**Data provided:**
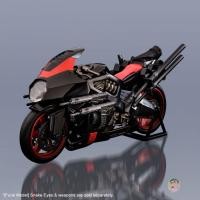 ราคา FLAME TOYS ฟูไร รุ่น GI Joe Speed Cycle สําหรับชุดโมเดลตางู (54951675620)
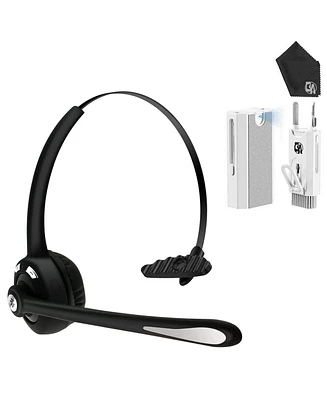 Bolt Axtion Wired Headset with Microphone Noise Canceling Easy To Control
--
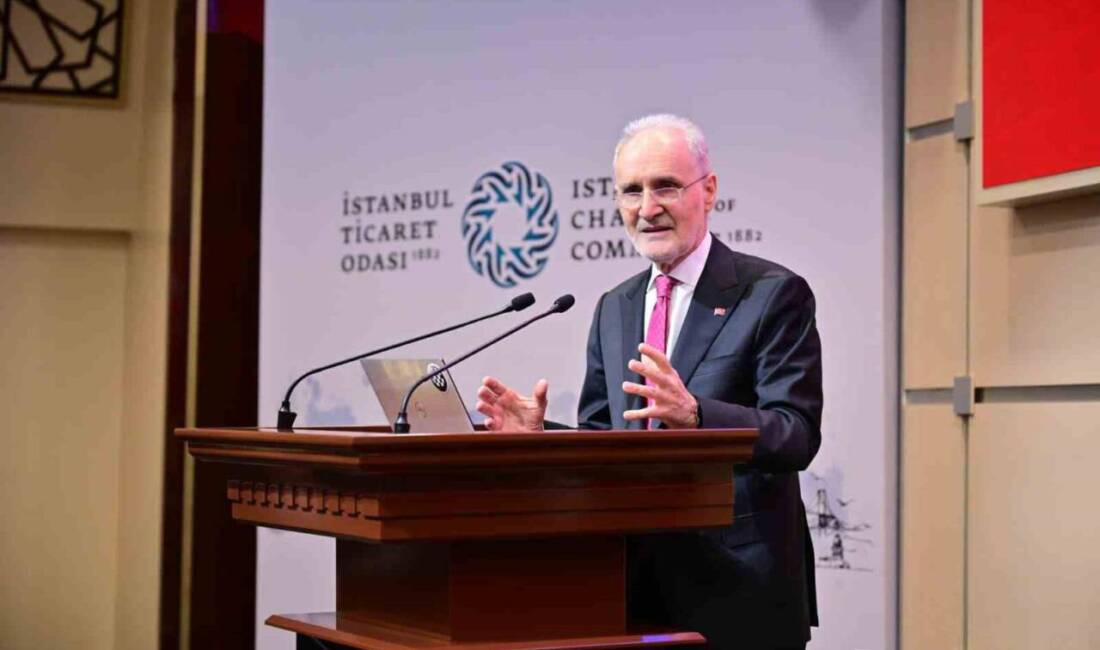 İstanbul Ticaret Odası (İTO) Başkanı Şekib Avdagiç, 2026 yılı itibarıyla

**What the exercise asks:** Please copy the lines above exactly, starting at the line that holds "ราคา FLAME TOYS" and ending at the line that holds "Bolt Axtion Wired"; include both, but no pictures.

**Expected output:**
 ราคา FLAME TOYS ฟูไร รุ่น GI Joe Speed Cycle สําหรับชุดโมเดลตางู (54951675620)
 Bolt Axtion Wired Headset with Microphone Noise Canceling Easy To Control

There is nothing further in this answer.